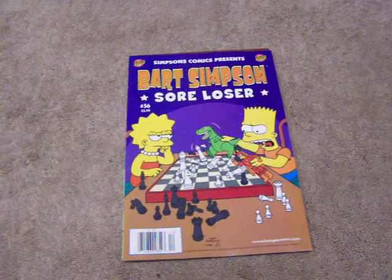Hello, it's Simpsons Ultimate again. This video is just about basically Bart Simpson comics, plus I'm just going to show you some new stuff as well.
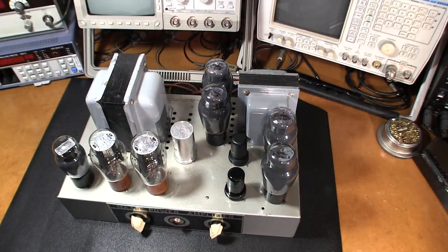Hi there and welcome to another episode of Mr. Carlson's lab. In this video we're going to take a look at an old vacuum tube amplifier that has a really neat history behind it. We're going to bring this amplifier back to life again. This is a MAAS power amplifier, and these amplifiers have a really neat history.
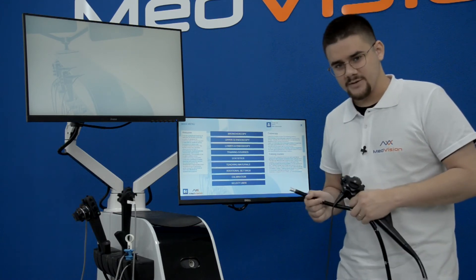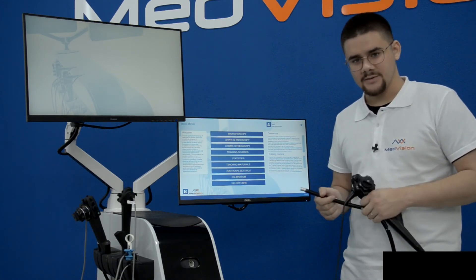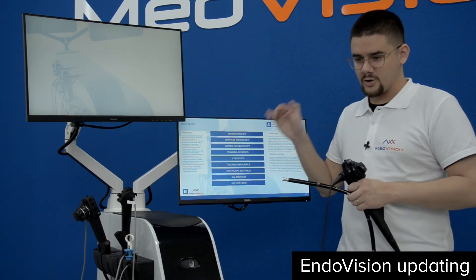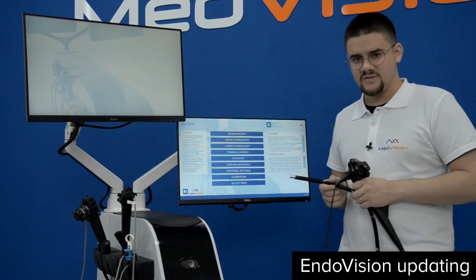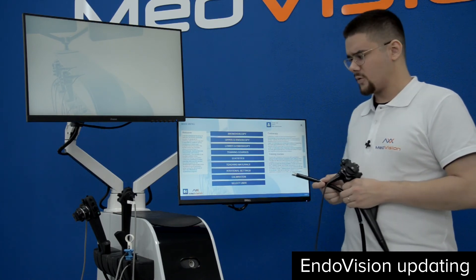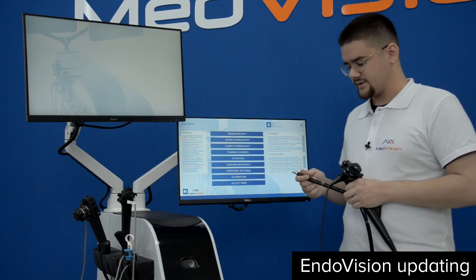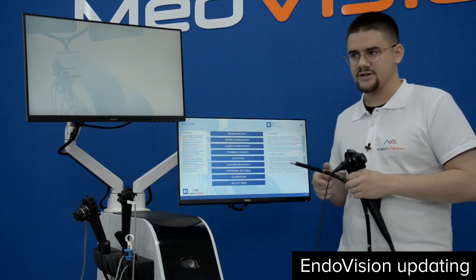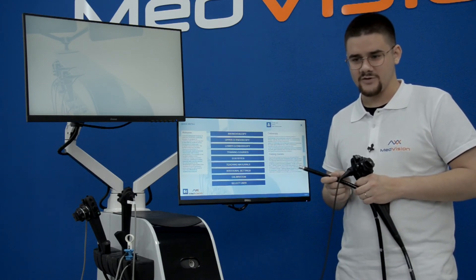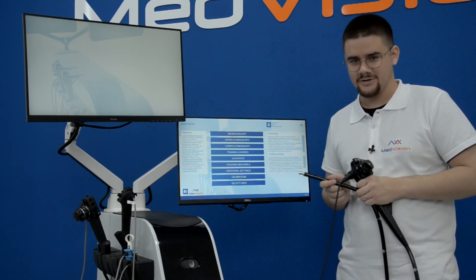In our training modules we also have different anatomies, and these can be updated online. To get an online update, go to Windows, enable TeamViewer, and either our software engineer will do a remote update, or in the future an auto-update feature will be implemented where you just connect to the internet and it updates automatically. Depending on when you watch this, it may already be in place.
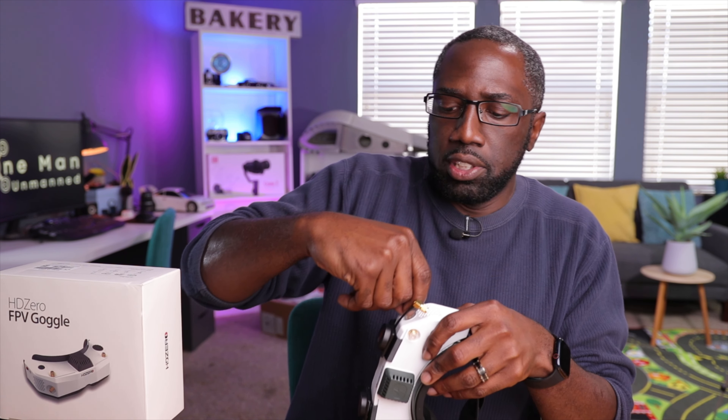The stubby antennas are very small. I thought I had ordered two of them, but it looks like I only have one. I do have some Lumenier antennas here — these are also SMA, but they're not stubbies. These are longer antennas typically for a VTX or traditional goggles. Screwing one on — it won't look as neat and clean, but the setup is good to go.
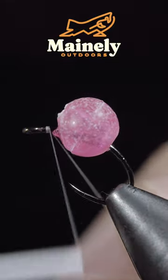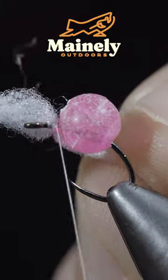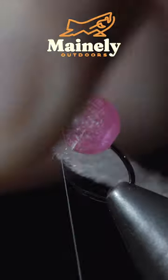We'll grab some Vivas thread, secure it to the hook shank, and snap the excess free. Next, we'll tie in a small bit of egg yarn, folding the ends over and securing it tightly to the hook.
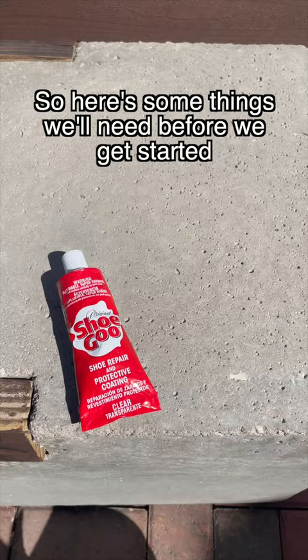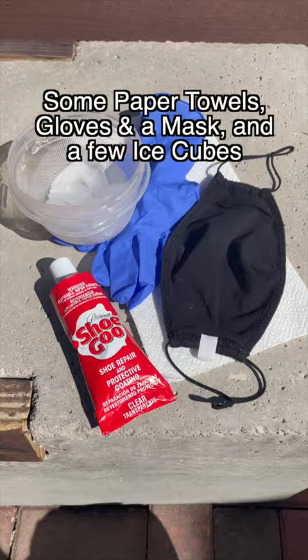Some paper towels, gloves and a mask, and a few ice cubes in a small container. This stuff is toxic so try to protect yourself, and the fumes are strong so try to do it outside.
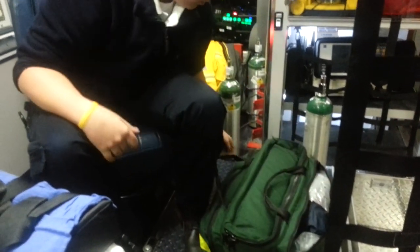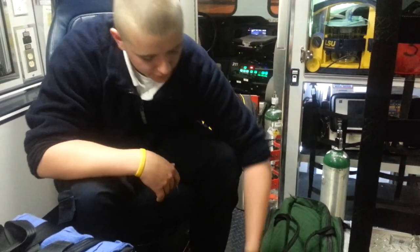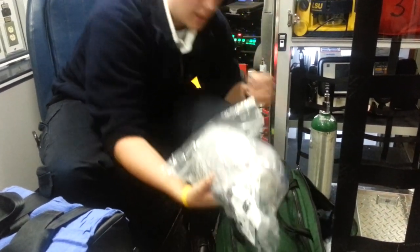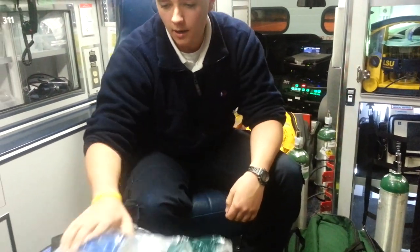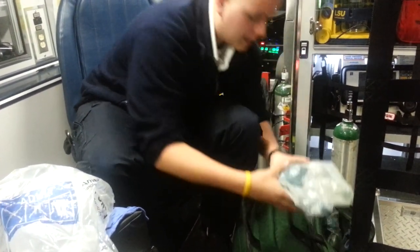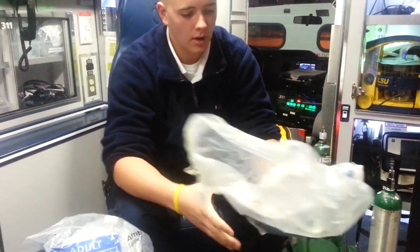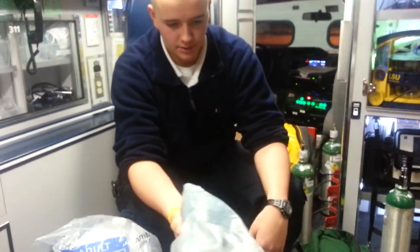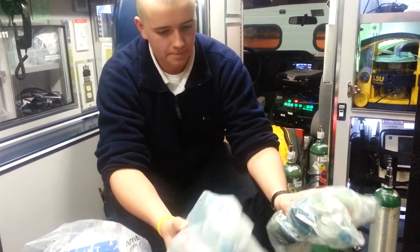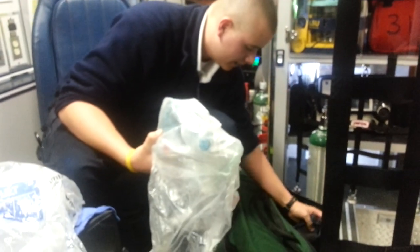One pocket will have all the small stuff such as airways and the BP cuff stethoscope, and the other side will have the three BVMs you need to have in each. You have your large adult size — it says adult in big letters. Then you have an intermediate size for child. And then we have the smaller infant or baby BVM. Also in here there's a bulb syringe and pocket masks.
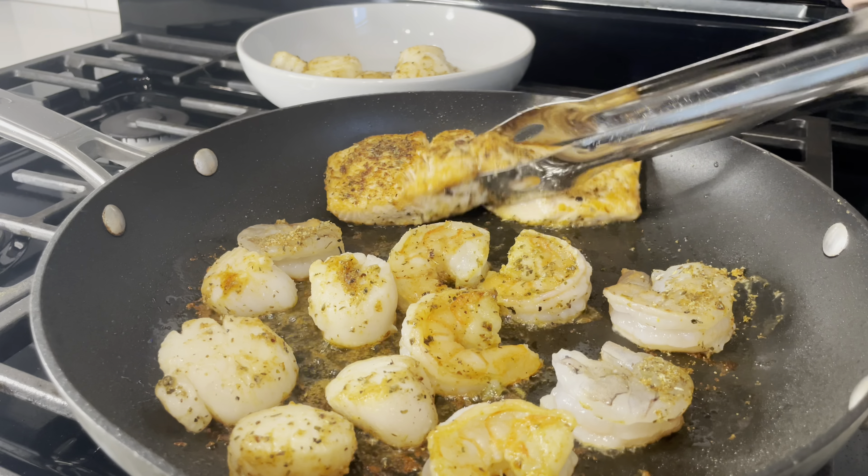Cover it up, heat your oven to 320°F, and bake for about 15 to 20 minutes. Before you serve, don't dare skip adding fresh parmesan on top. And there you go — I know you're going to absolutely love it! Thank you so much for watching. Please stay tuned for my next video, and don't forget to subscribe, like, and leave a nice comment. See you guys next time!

◇ ◇ ◇ ◇

• _TASK GOAL_: All of the listing should be transcribed exactly, but none of its images.

• _SOLUTION_:
Hello, it's Simpsons Ultimate again. This video is just about basically Bart Simpson comics, plus I'm just going to show you some new stuff as well.
Hi there and welcome to another episode of Mr. Carlson's lab. In this video we're going to take a look at an old vacuum tube amplifier that has a really neat history behind it. We're going to bring this amplifier back to life again. This is a MAAS power amplifier, and these amplifiers have a really neat history.
In our training modules we also have different anatomies, and these can be updated online. To get an online update, go to Windows, enable TeamViewer, and either our software engineer will do a remote update, or in the future an auto-update feature will be implemented where you just connect to the internet and it updates automatically. Depending on when you watch this, it may already be in place.
The stubby antennas are very small. I thought I had ordered two of them, but it looks like I only have one. I do have some Lumenier antennas here — these are also SMA, but they're not stubbies. These are longer antennas typically for a VTX or traditional goggles. Screwing one on — it won't look as neat and clean, but the setup is good to go.
We'll grab some Vivas thread, secure it to the hook shank, and snap the excess free. Next, we'll tie in a small bit of egg yarn, folding the ends over and securing it tightly to the hook.
Some paper towels, gloves and a mask, and a few ice cubes in a small container. This stuff is toxic so try to protect yourself, and the fumes are strong so try to do it outside.
One pocket will have all the small stuff such as airways and the BP cuff stethoscope, and the other side will have the three BVMs you need to have in each. You have your large adult size — it says adult in big letters. Then you have an intermediate size for child. And then we have the smaller infant or baby BVM. Also in here there's a bulb syringe and pocket masks.
Cover it up, heat your oven to 320°F, and bake for about 15 to 20 minutes. Before you serve, don't dare skip adding fresh parmesan on top. And there you go — I know you're going to absolutely love it! Thank you so much for watching. Please stay tuned for my next video, and don't forget to subscribe, like, and leave a nice comment. See you guys next time!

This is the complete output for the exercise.